**TASK INSTRUCTIONS:** Return the full set of entries below exactly, leaving every image out.

Dataset records
===

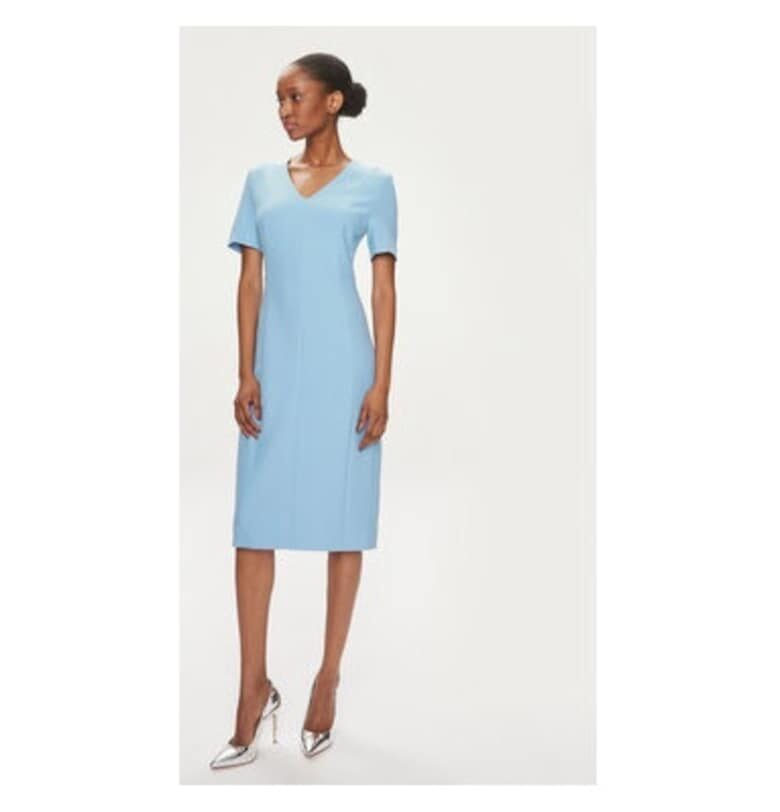 Дамска рокля -  304011375 - Вискоза/Полиестер - Син BOSS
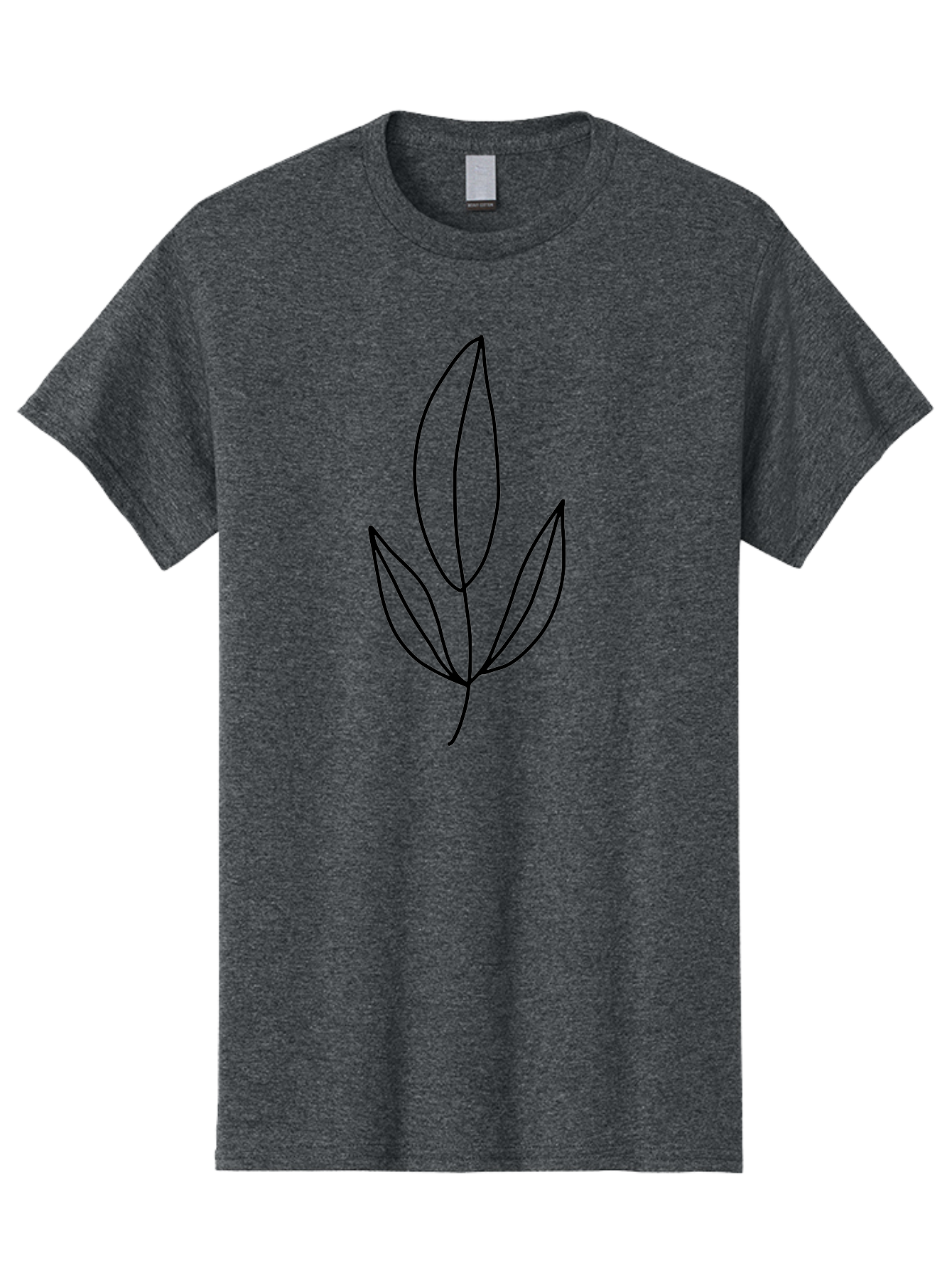 Leaves-6 Men'S Graphic Tee, 100% Cotton, Comfortable Casual Summer Wear, Machine Washable, Simple Leaf Illustration, Minimalist Design, Botanical Art, Leaf Outline, Nature-Inspired Graphics, Eco-Friendly Visuals -  Aaa455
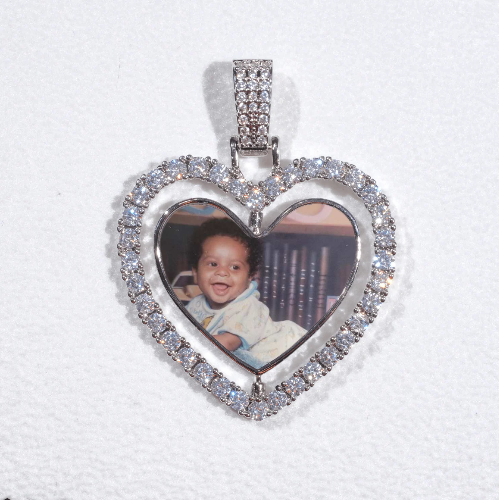 3D Spinning 2-Faced Heart Custom Picture Pendant
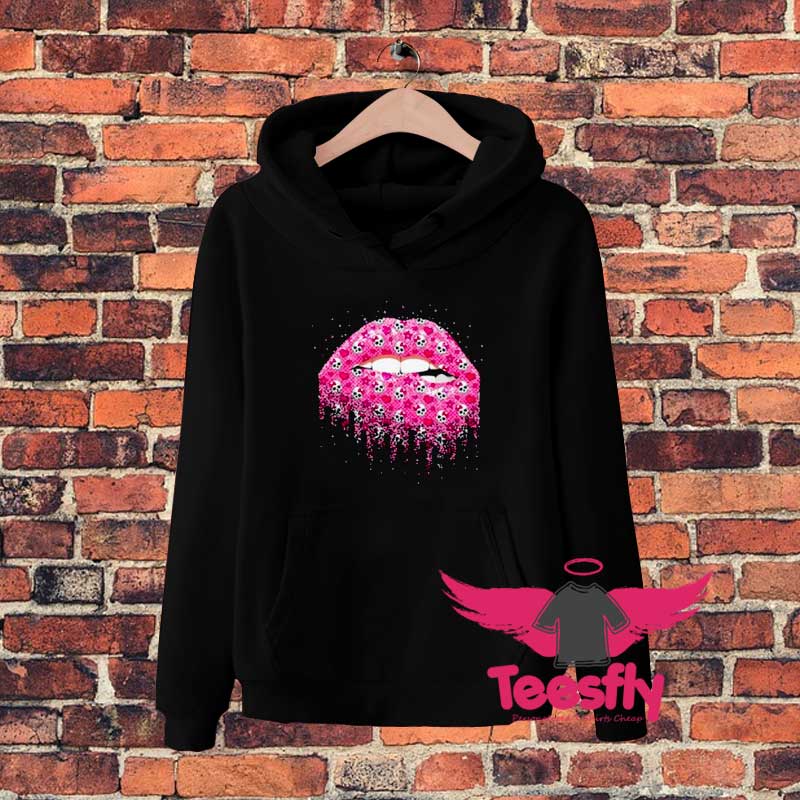 Lips pink skull Valentine Day Hoodie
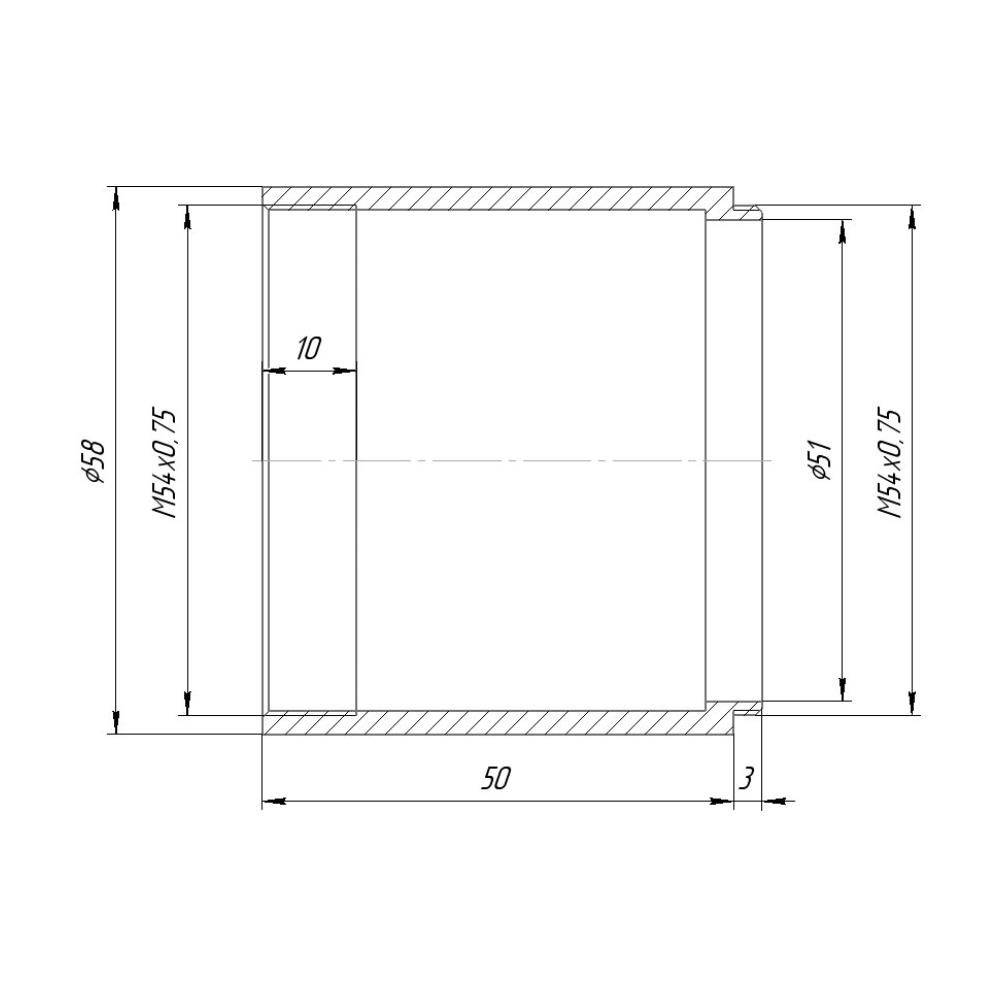 M54x0.75 female to M54x0.75 male thread adapter (50mm long extender)
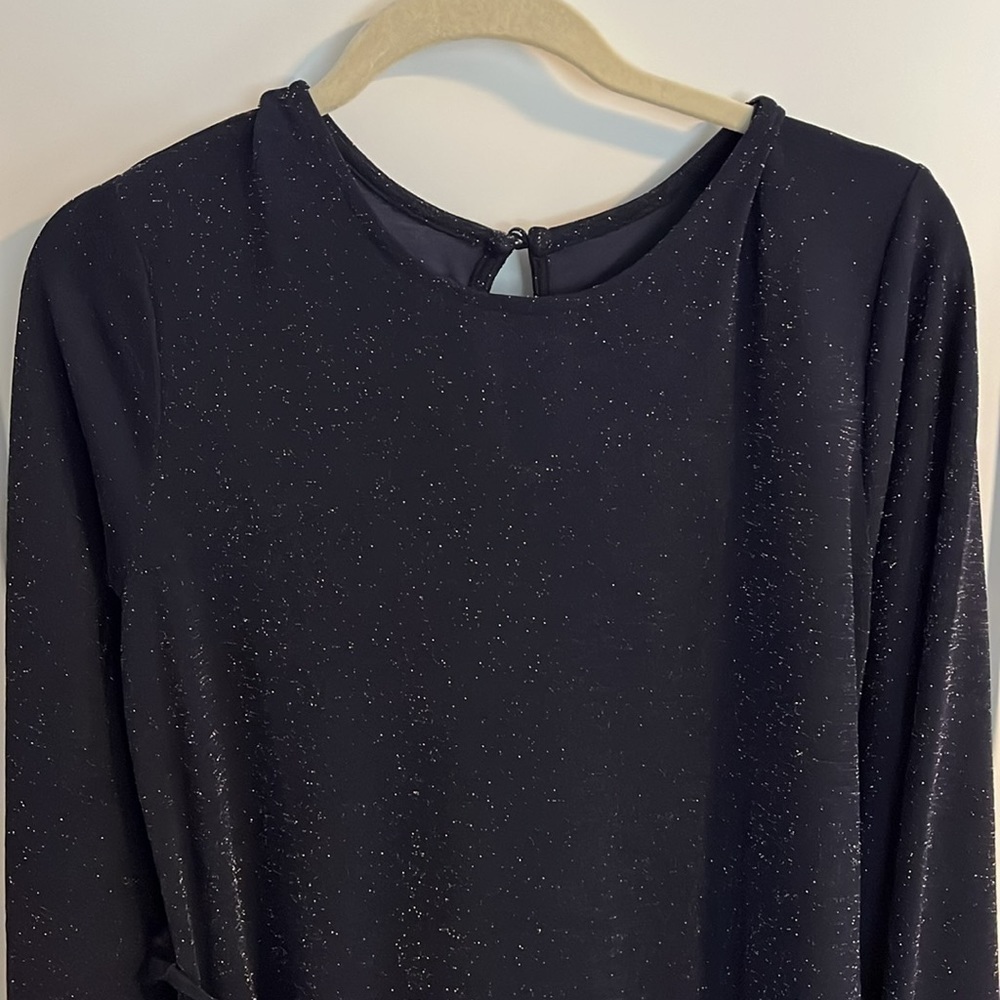 Navy Blue Sparkly Tiered Long Sleeve Dress EUC - Picture 3 of 13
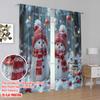 2pcs 2D flat printing Christmas Curtain Christmas snowman3 100% Polyester Without Electricity Party & Holiday Decor Use for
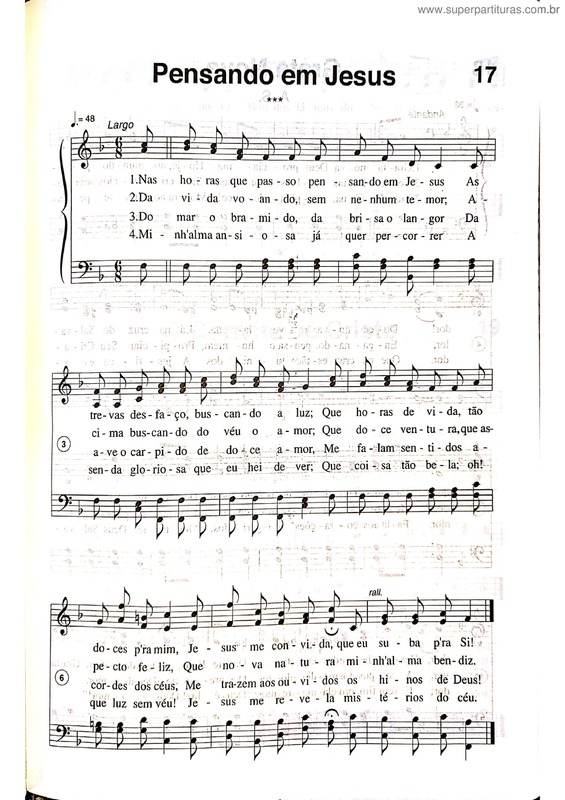 Partitura da música Pensando Em Jesus v.3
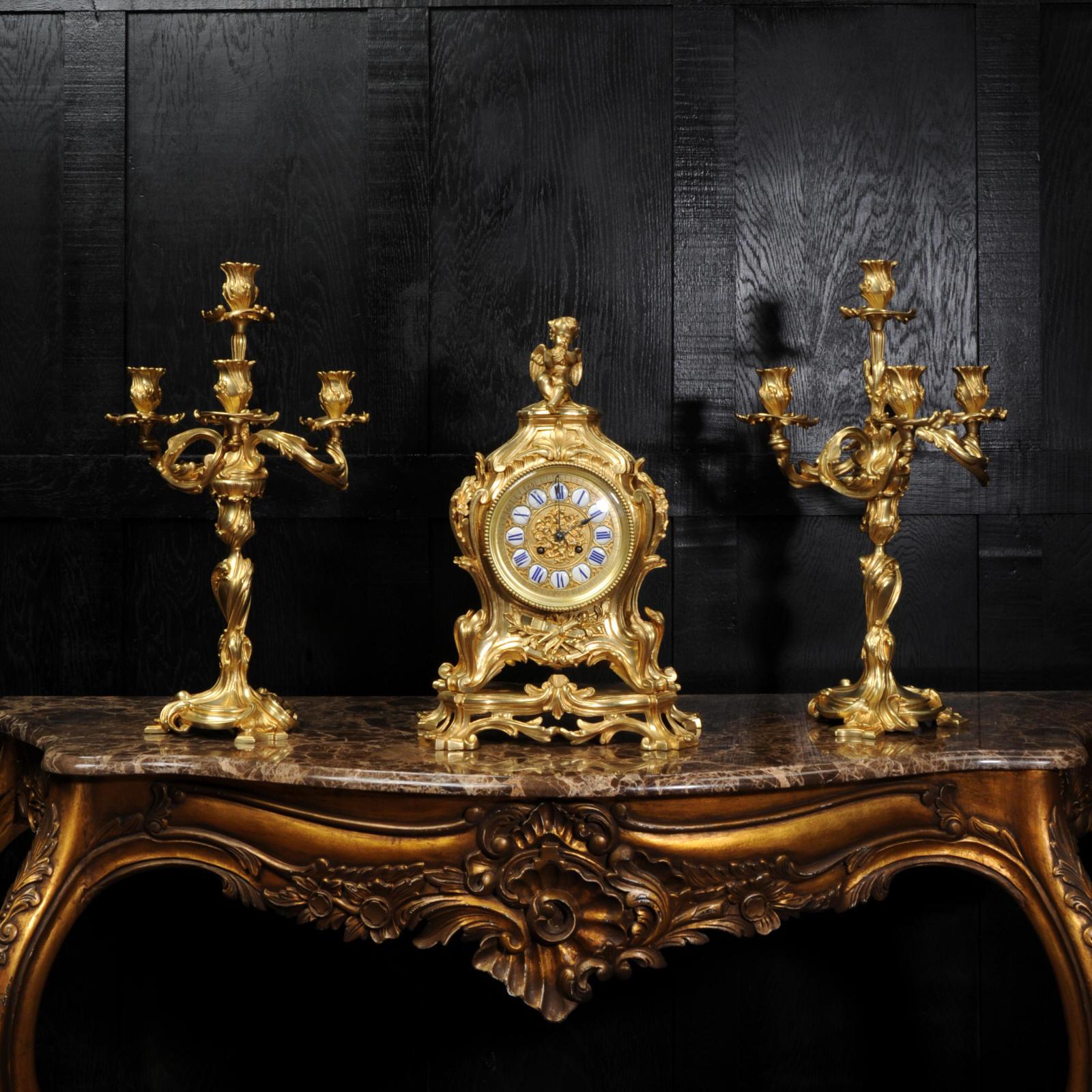 Magnificent Antique French Rococo Clock Set After Meissonnier In Good Condition In Belper, Derbyshire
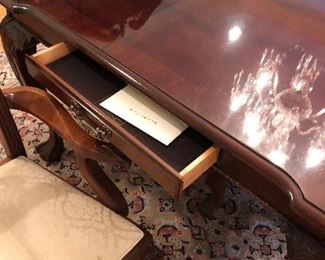 DINING ROOM TABLE WITH SILVERWARE DRAWERS BUILT IN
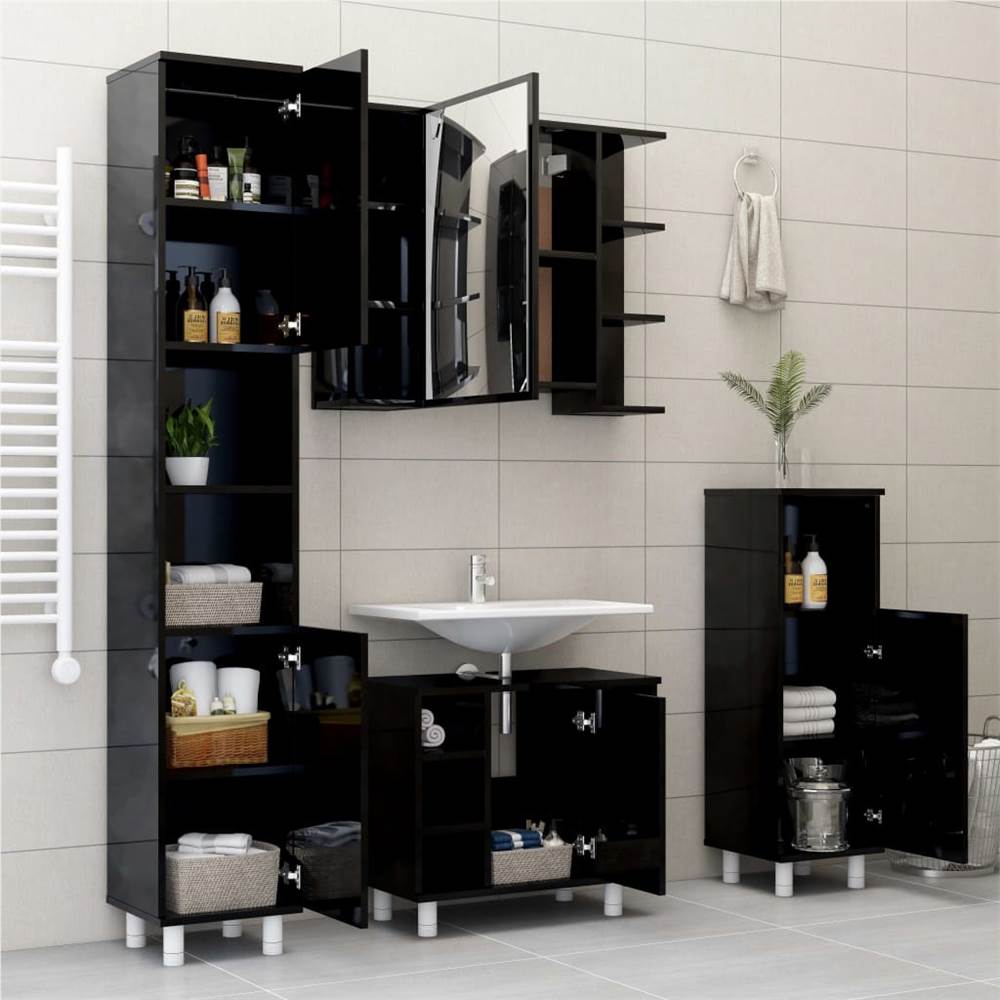 Bathroom Mirror Cabinet High Gloss Black 80x20.5x64 cm Chipboard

===

**RESULT OF THE EXERCISE:**
 Дамска рокля -  304011375 - Вискоза/Полиестер - Син BOSS
 Leaves-6 Men'S Graphic Tee, 100% Cotton, Comfortable Casual Summer Wear, Machine Washable, Simple Leaf Illustration, Minimalist Design, Botanical Art, Leaf Outline, Nature-Inspired Graphics, Eco-Friendly Visuals -  Aaa455
 3D Spinning 2-Faced Heart Custom Picture Pendant
 Lips pink skull Valentine Day Hoodie
 M54x0.75 female to M54x0.75 male thread adapter (50mm long extender)
 Navy Blue Sparkly Tiered Long Sleeve Dress EUC - Picture 3 of 13
 2pcs 2D flat printing Christmas Curtain Christmas snowman3 100% Polyester Without Electricity Party & Holiday Decor Use for
 Partitura da música Pensando Em Jesus v.3
 Magnificent Antique French Rococo Clock Set After Meissonnier In Good Condition In Belper, Derbyshire
 DINING ROOM TABLE WITH SILVERWARE DRAWERS BUILT IN
 Bathroom Mirror Cabinet High Gloss Black 80x20.5x64 cm Chipboard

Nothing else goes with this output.